基于 Python 的 Perplexity 模型上下文协议 (MCP) 服务器实现。

Model Context Protocol (MCP) - This server can be integrated with AI applications to provide additional context and capabilities, enabling enhanced AI interactions and functionality.

Documentation

Perplexity MCP Server

This is a Python implementation of the Model Context Protocol (MCP) server for Perplexity. The server is built using FastAPI and follows the MCP specification.

Features

  • Implements the core MCP endpoints:
    • /v1/models - List available models registered in the local MCP server
    • /v1/models/{model_id} - Get model information for a locally registered model
    • /v1/models/{model_id}/chat - Chat with a model - this endpoint actually calls the Perplexity API
    • /v1/models/{model_id}/complete - Text completion (demo implementation)
  • Additional utility endpoints:
    • /perplexity-models - Lists the known models available in the Perplexity API
    • /api-key-test - Test if your Perplexity API key is properly configured
    • /server-info - Get information about the server
    • /health - Health check endpoint
  • Ready for deployment

Running the Server

Locally

  1. Create a .env file in the project root with your Perplexity API key:
    PERPLEXITY_API_KEY=your_actual_key_here
    
  2. Install dependencies:
    pip install -r requirements.txt
    
  3. Start the server:
    python main.py
    

The server will start on http://0.0.0.0:5000 (or the next available port).

Docker Deployment

  1. Build the Docker image:
    docker build -t perplexity-mcp .
    
  2. Run the container, passing your .env file:
    docker run --env-file .env -p 5003:5000 perplexity-mcp
    
    • The API will be available at http://localhost:5003
    • You can use any available port on your host (replace 5003 as needed)

Note:

  • .env is included in .gitignore and .dockerignore to keep your API key secure.
  • Never commit your .env file to GitHub.

Render Deployment

Render can automatically build and deploy this project from GitHub using the included Dockerfile.

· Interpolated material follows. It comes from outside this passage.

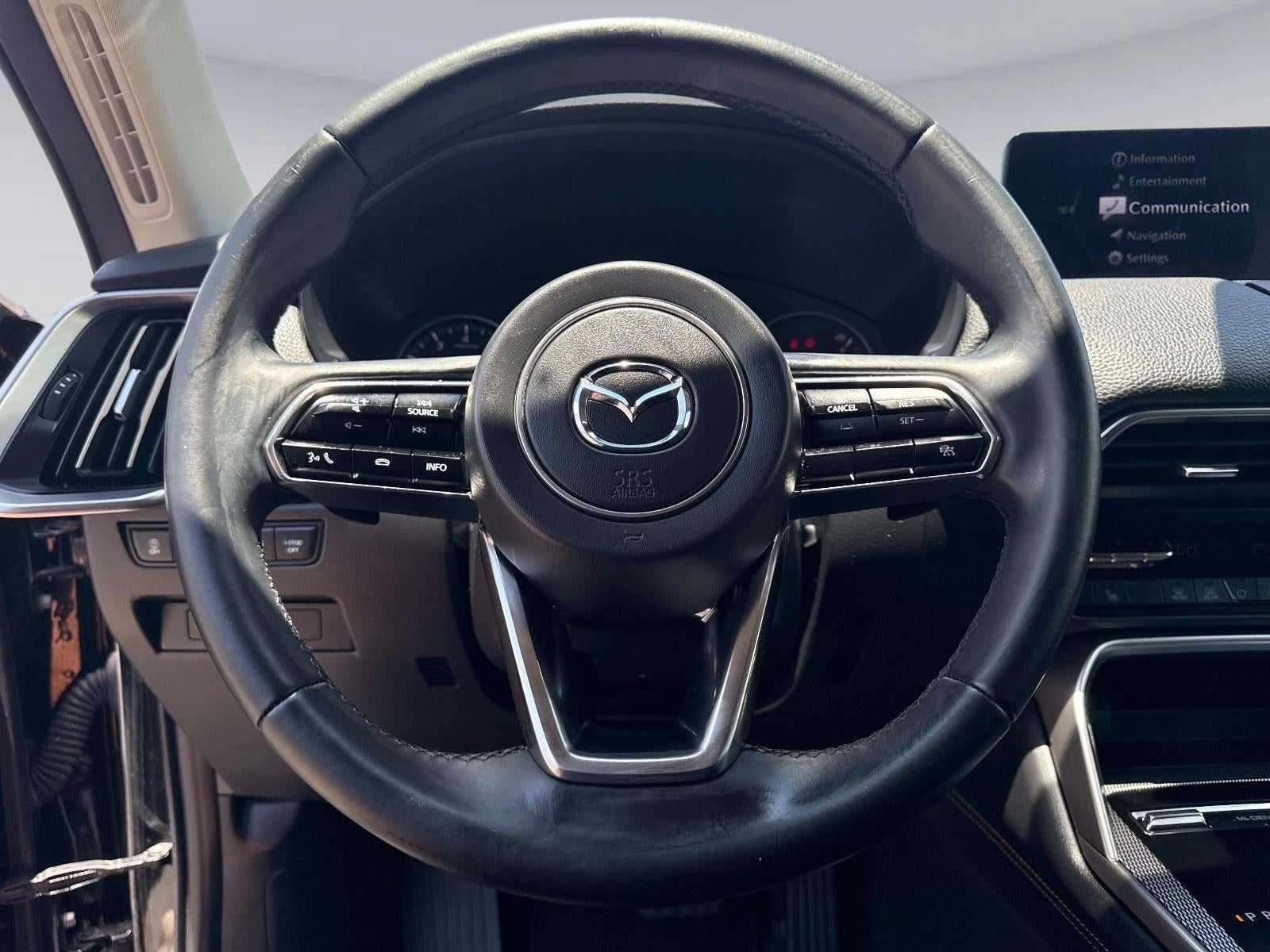 2024 Mazda Mazda CX-90 3.3 Turbo Preferred Plus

  1. Push your code to GitHub.
  2. In the Render dashboard, create a new Web Service:
    • Select "Docker" as the environment.
    • Connect your GitHub repo and select the branch (e.g., main).
    • Set your environment variable PERPLEXITY_API_KEY in the Render dashboard (Settings > Environment).
    • Choose your desired port (default is 5000).
  3. Deploy! Render will build and run your Docker container.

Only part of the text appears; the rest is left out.